### What you need to do
Beginning with the line containing "Maison de L’Asie" and going on through the line containing "Funda De Case-Mate", the lines below are to be returned exactly, pictures excluded and nothing added.

### Input data
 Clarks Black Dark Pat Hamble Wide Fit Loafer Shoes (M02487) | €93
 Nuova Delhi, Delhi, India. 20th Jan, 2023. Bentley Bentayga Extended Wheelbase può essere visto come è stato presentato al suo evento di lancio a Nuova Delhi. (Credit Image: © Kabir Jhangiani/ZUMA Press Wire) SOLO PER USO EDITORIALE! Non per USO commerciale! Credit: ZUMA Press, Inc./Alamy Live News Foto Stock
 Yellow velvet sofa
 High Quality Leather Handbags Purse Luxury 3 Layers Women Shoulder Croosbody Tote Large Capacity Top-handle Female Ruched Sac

--

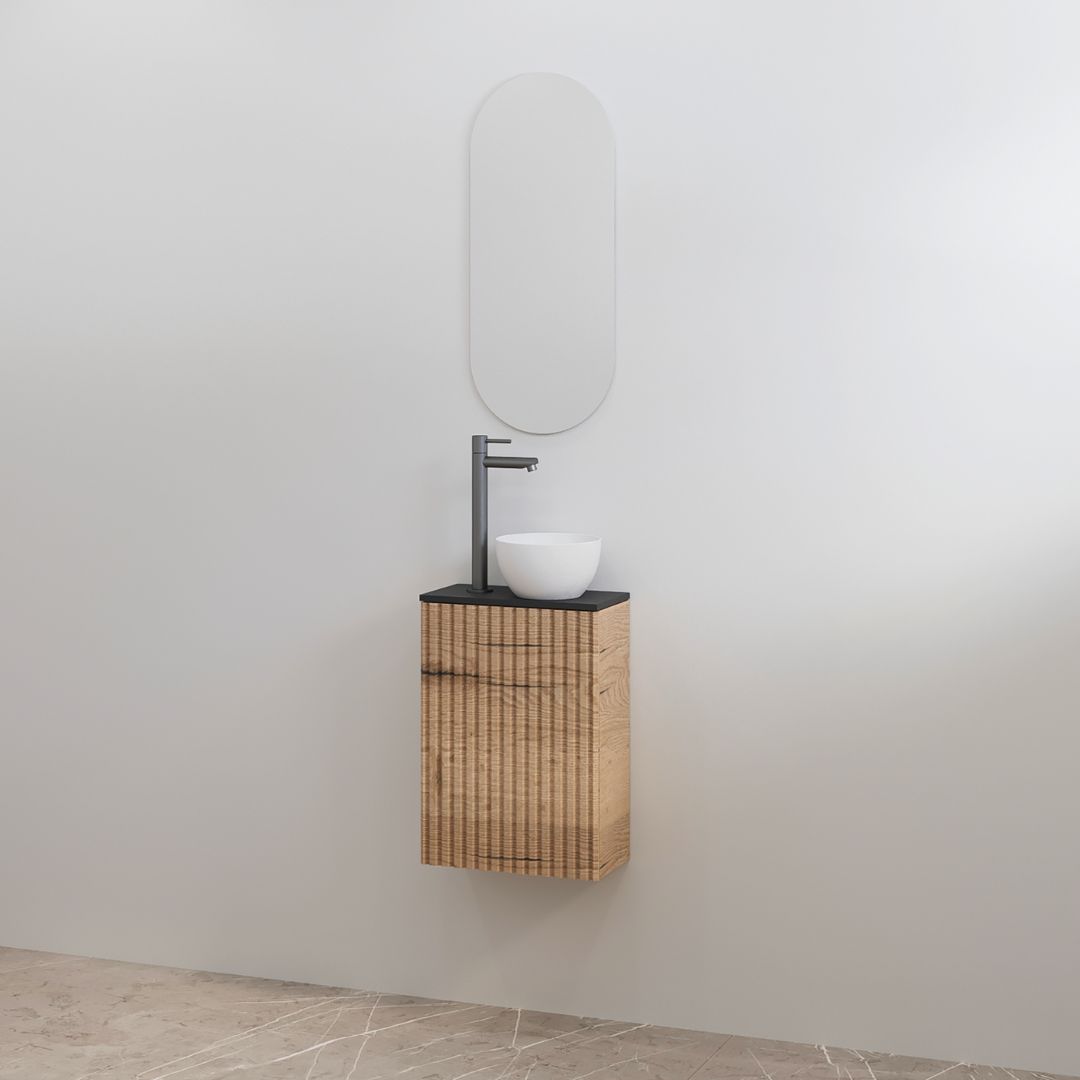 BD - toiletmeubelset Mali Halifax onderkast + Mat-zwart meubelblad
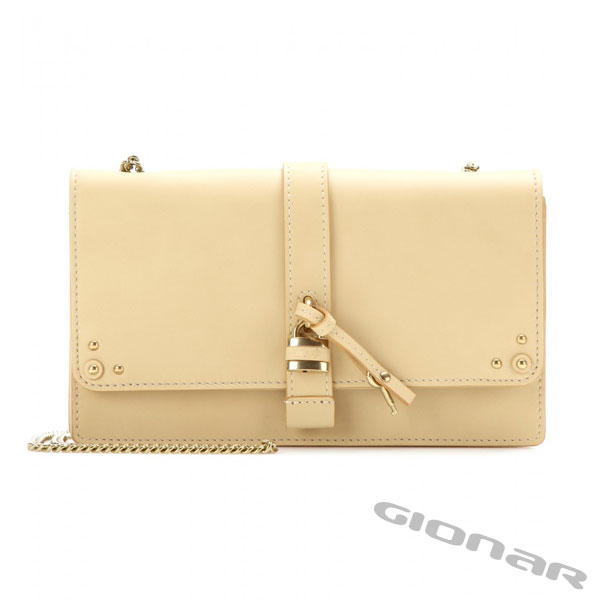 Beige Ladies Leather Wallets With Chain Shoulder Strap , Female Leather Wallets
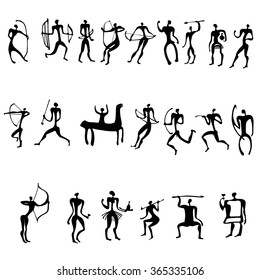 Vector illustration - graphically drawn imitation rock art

--

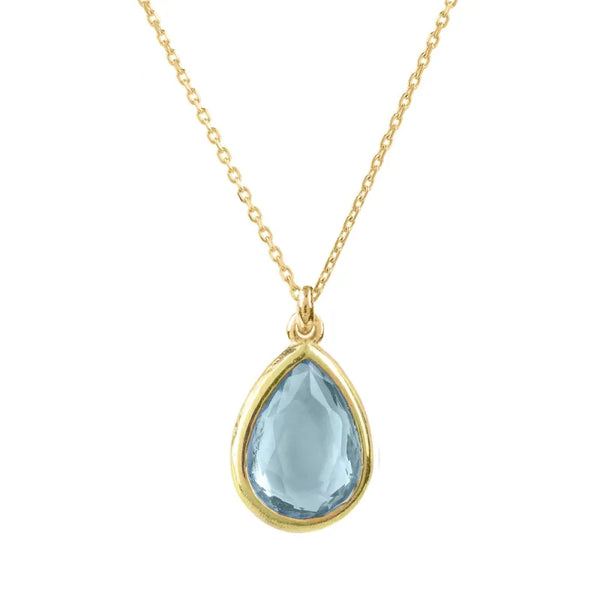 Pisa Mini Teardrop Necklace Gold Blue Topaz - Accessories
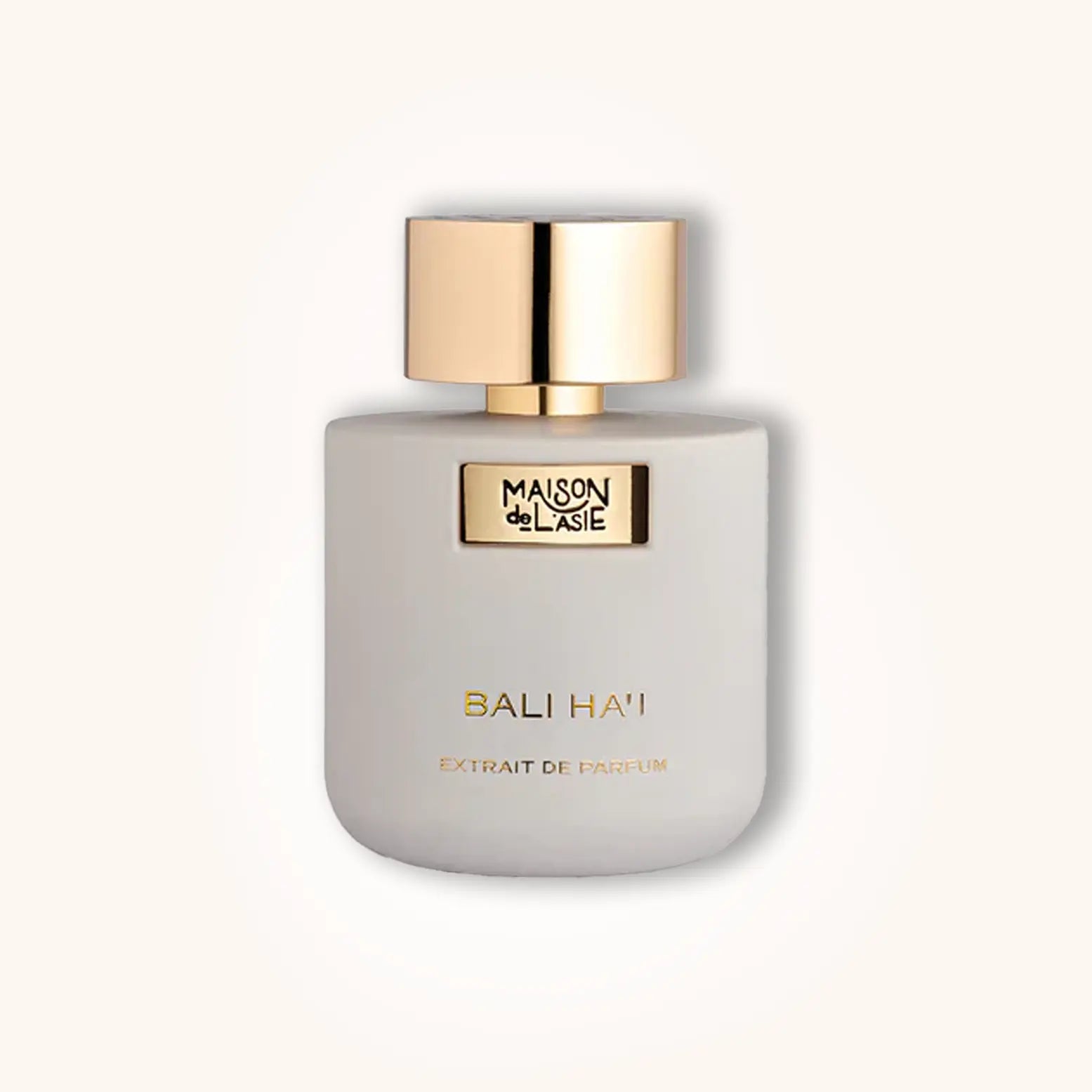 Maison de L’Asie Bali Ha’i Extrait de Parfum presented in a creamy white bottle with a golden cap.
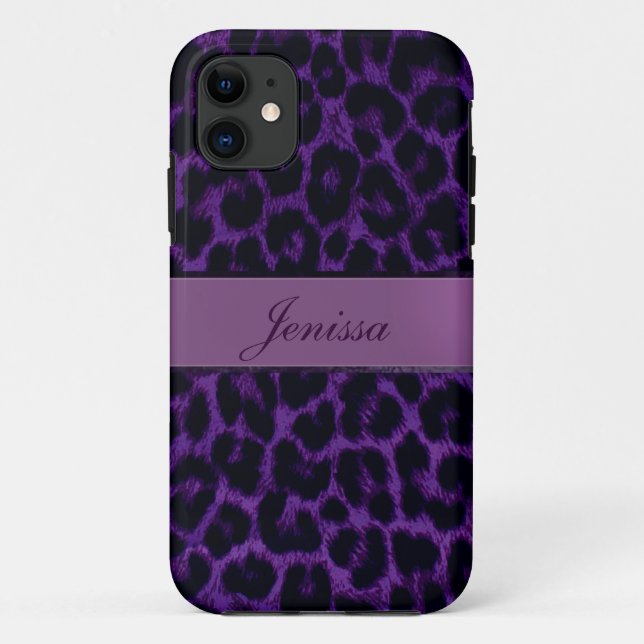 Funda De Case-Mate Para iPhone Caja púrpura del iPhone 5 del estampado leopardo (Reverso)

### Exercise response
 Maison de L’Asie Bali Ha’i Extrait de Parfum presented in a creamy white bottle with a golden cap.
 Funda De Case-Mate Para iPhone Caja púrpura del iPhone 5 del estampado leopardo (Reverso)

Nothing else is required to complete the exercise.